Exploring further we can see that each data item have similar pattern and we can simply scrape it using query selector from browser console. We will use this same piece of code later when building script.
for (let i = 0; i <= 19; i++) {
// all salary data are prefixed with
let attrPrefix = `salaries-list-item-${i}`;
console.log("company name", document.querySelector(`[data-test='${attrPrefix}-employer-name'] a`).textContent);
console.log("company logo", document.querySelector(`[data-test='${attrPrefix}-employer-url'] img`).src);
console.log("job title", document.querySelector(`[data-test='${attrPrefix}-job-title']`).textContent);
console.log("salary", document.querySelector(`[data-test='${attrPrefix}-salary-info'] h3`).textContent);
}
Ok, now we have the data. What we need next is more data. When we scroll to the bottom we see a pagination there. Next thing to do is: paginate next and scrape 20 data from each page.
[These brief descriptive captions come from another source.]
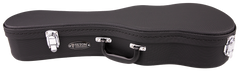A black concert ukulele case with Teton Guitars branding on a white background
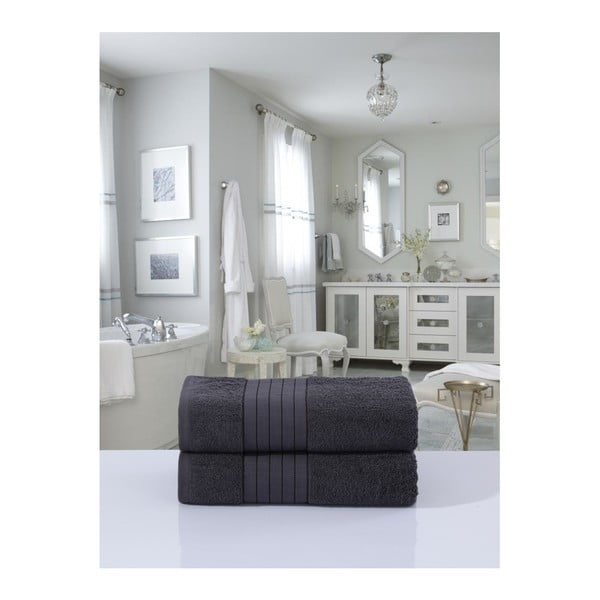 Set di 2 asciugamani in spugna di cotone antracite 70x140 cm - Good Morning-image-2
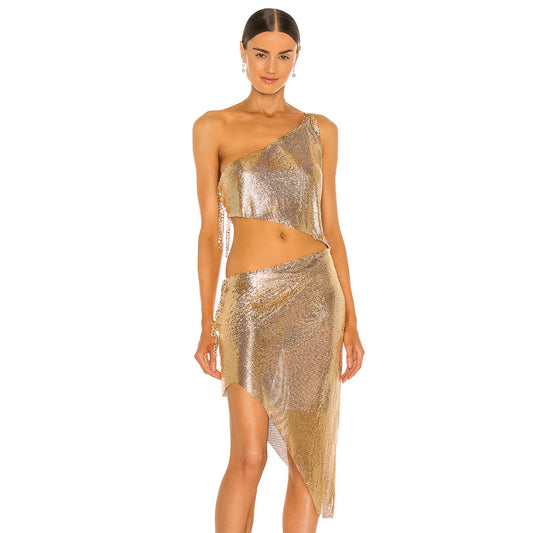 Bronx and Banco Xenia One Shoulder Dress in Metallic Gold Size Medium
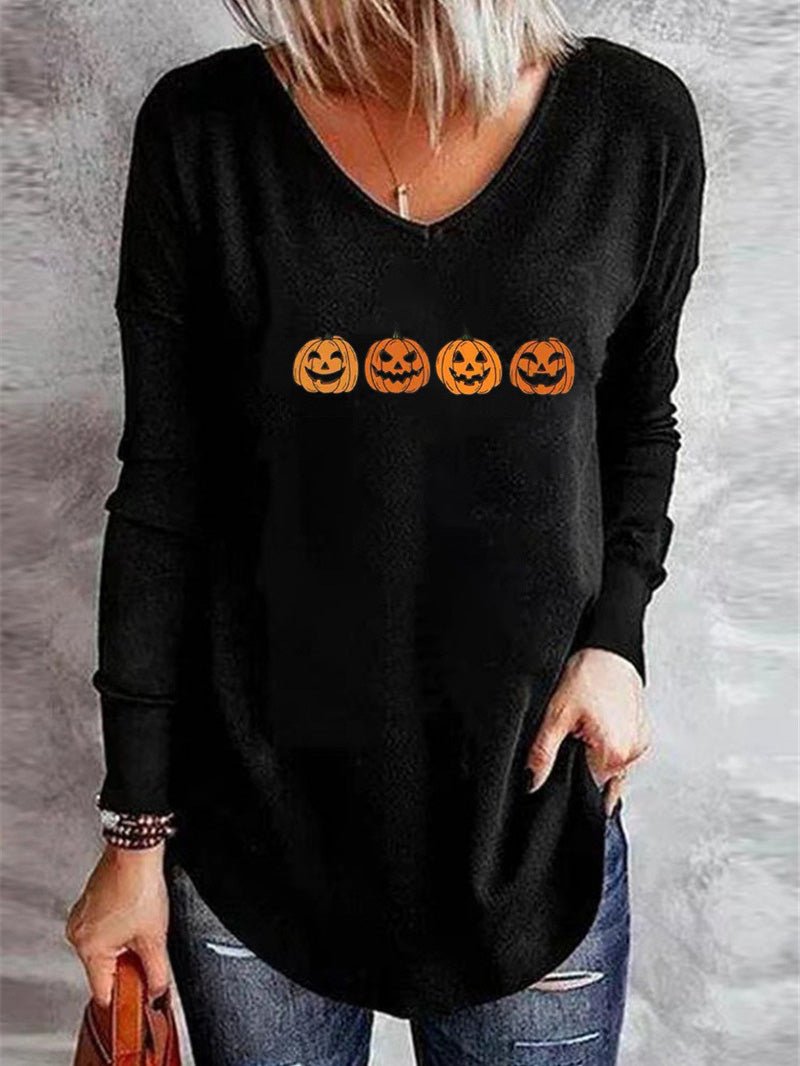Women's T-Shirts V-Neck Printed Long Sleeve Casual T-Shirt - LuckyFash™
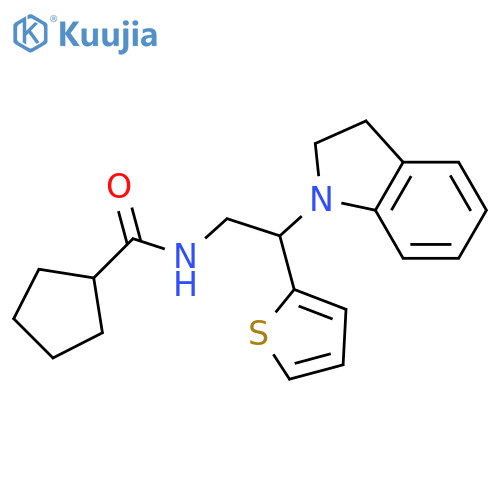 N-2-(2,3-dihydro-1H-indol-1-yl)-2-(thiophen-2-yl)ethylcyclopentanecarboxamide structure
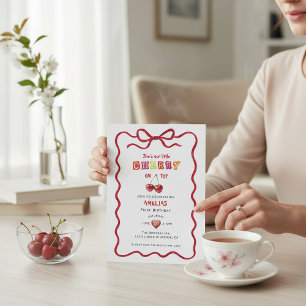 Cherry On Top Watercolor First Birthday Invitation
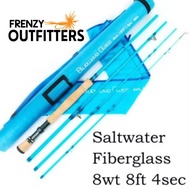 Saltwater fiberglass fly fishing rod blue 8wt 8" 4pcs +carbon rod tube
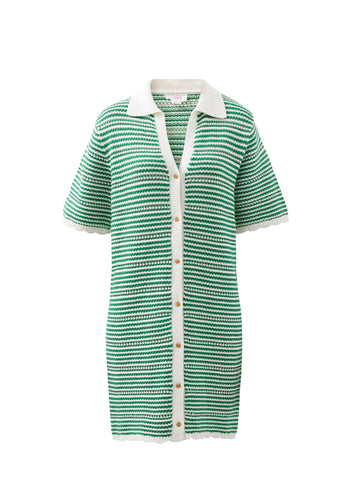 CERES LIFE NALA KNIT MINI DRESS - KELLY GREEN STRIPE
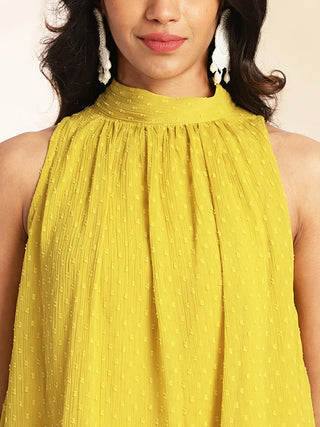 Solid Yellow Chiffon Top Bottom Set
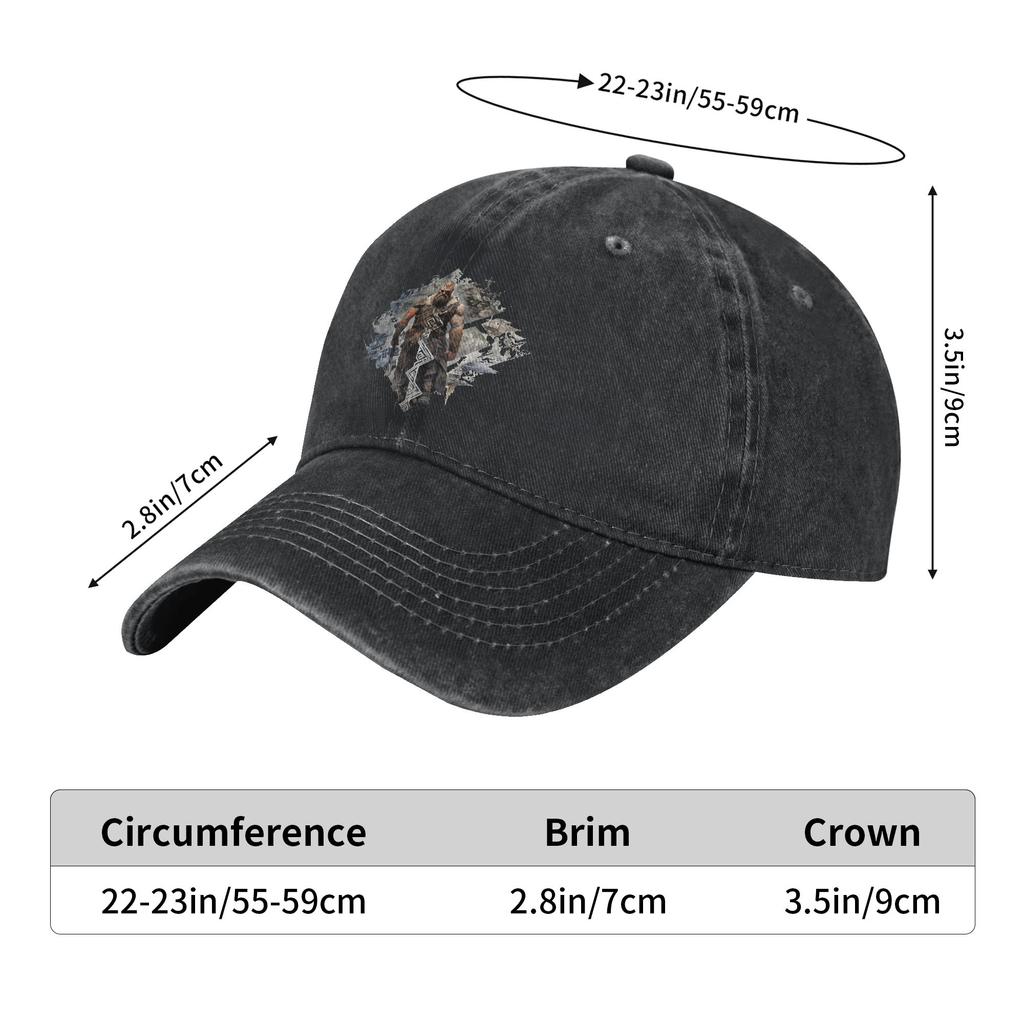 Kratos Warrior God of War Baseball Cap Casual Distressed Denim Sun Cap for Men Women Outdoor Activities Adjustable Caps Hat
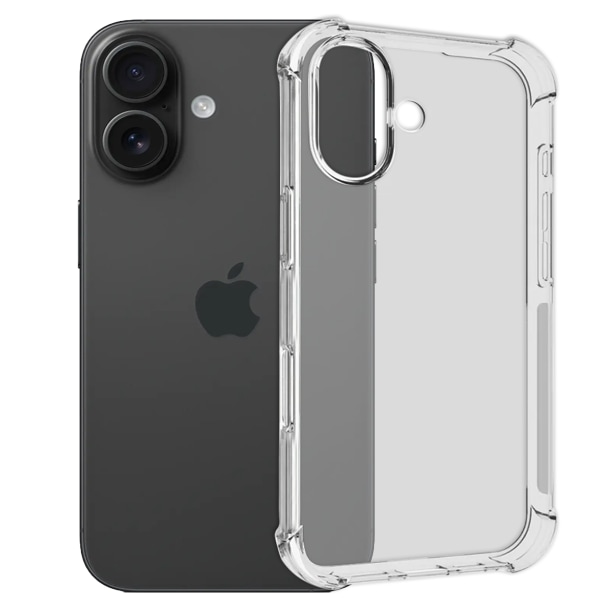 iPhone 16 Plus Skal - Extra Stöttåligt och Slitstarkt Transparent
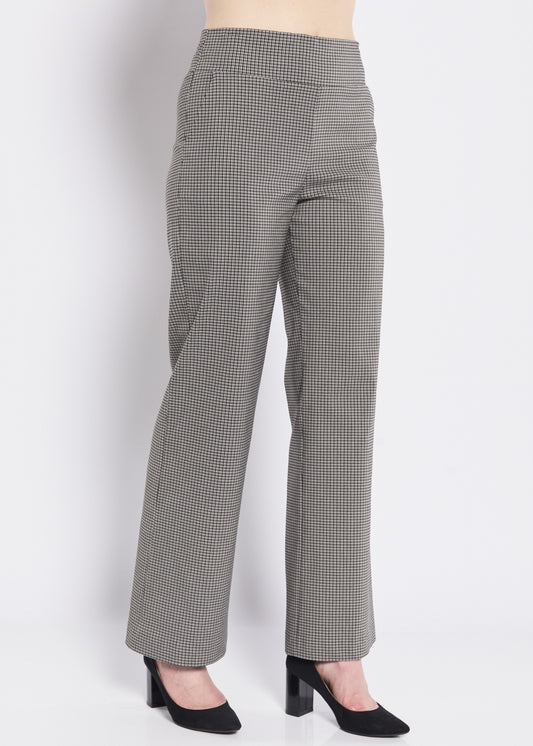 Russo check Bengaline wide leg pants in Tash micro check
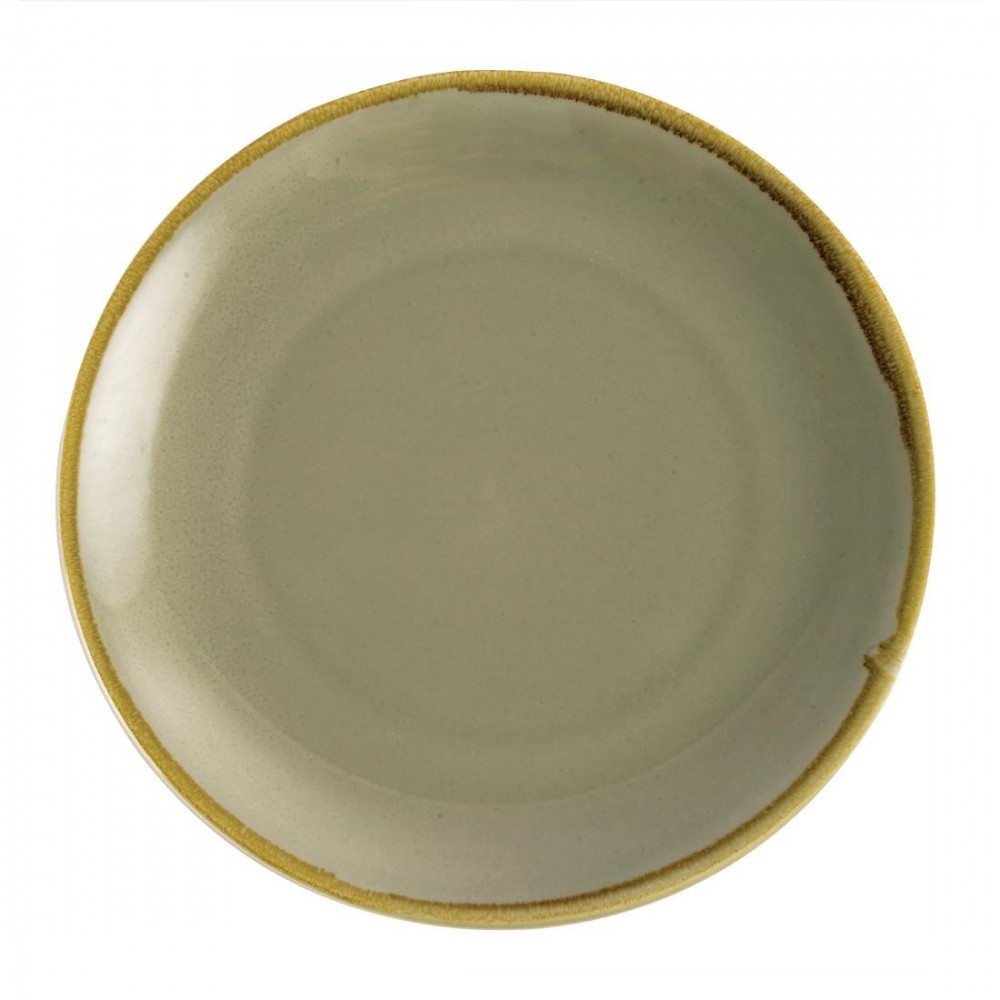 Assiettes rondes & plates - 280 mm - Couleur mousse / vert clair - Kiln Olympia - Lot de 4 Assiettes rondes & plates - 280 mm - Couleur mousse / vert clair - Kiln Olympia - Lot de 4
Wait! Maybe there’s another pattern that may make our task easier. As we dig more into it, there’s a pattern on pagination too.
From second page, url has the page number mixed with some weird value. Also, as we saw earlier there were total 1632 data, 20 on each page. That makes it total 1632/20 = 82 pages.
As we have figured out the way to scrape all those data, it’s time to write a NodeJs script to scrape Glassdoor salary data and save it to JSON file. We will be writing data to file data.json
after each page is done scraping. Reason: you can pause and continue at any page + you can run the script multiple times in parallel with different page no. range.
For the sake of simplicity, I will directly paste the script here with as many comments as possible.
const axios = require('axios');
const { JSDOM } = require("jsdom");
const fs = require("fs");
(async () => {
try {
// Go from page 1 to 82
for (let j = 1; j <= 82; j++) {
// page number mixed with random string
let page = "IM1598";
if (j > 1) page = page + "_IP" + j;
console.log("fetching page", j, "out of", 82);
// load HTML into JSDOM
const dom = new JSDOM((await axios.get(`https://www.glassdoor.com/Salaries/kathmandu-salary-SRCH_IL.0,9_${page}.htm`)).data);
// For each 20 data in a page
for (let i = 0; i <= 19; i++) {
try {
// its same code we used on et data on browser's console
let attrPrefix = `salaries-list-item-${i}`;
let salaryData = {
compan: dom.window.document.querySelector(`[data-test='${attrPrefix}-employer-name'] a`).textContent,
logo: dom.window.document.querySelector(`[data-test='${attrPrefix}-employer-url'] img`).src,
job: dom.window.document.querySelector(`[data-test='${attrPrefix}-job-title']`).textContent,
salary: dom.window.document.querySelector(`[data-test='${attrPrefix}-salary-info'] h3`).textContent,
}
// Append data to file after each data is received
fs.appendFileSync("./data.json", JSON.stringify(salaryData) + ",");
console.log("completed", i, "of", j, "out of", 1204);
} catch (e) { continue; }
}
}
} catch (e) { console.log("Error", e); }
})();
After running the script, you will end up with a data.json file containing Glassdoor’s salary data of Kathmandu data. Similarly, you can scrape data of any other city or data on Job listings.
Important message I want to give is: scraping doesn’t have to be brute force, there are always smart ways to minimize the workload.
Hope you like the content. If there are any issues, please feel free to point out.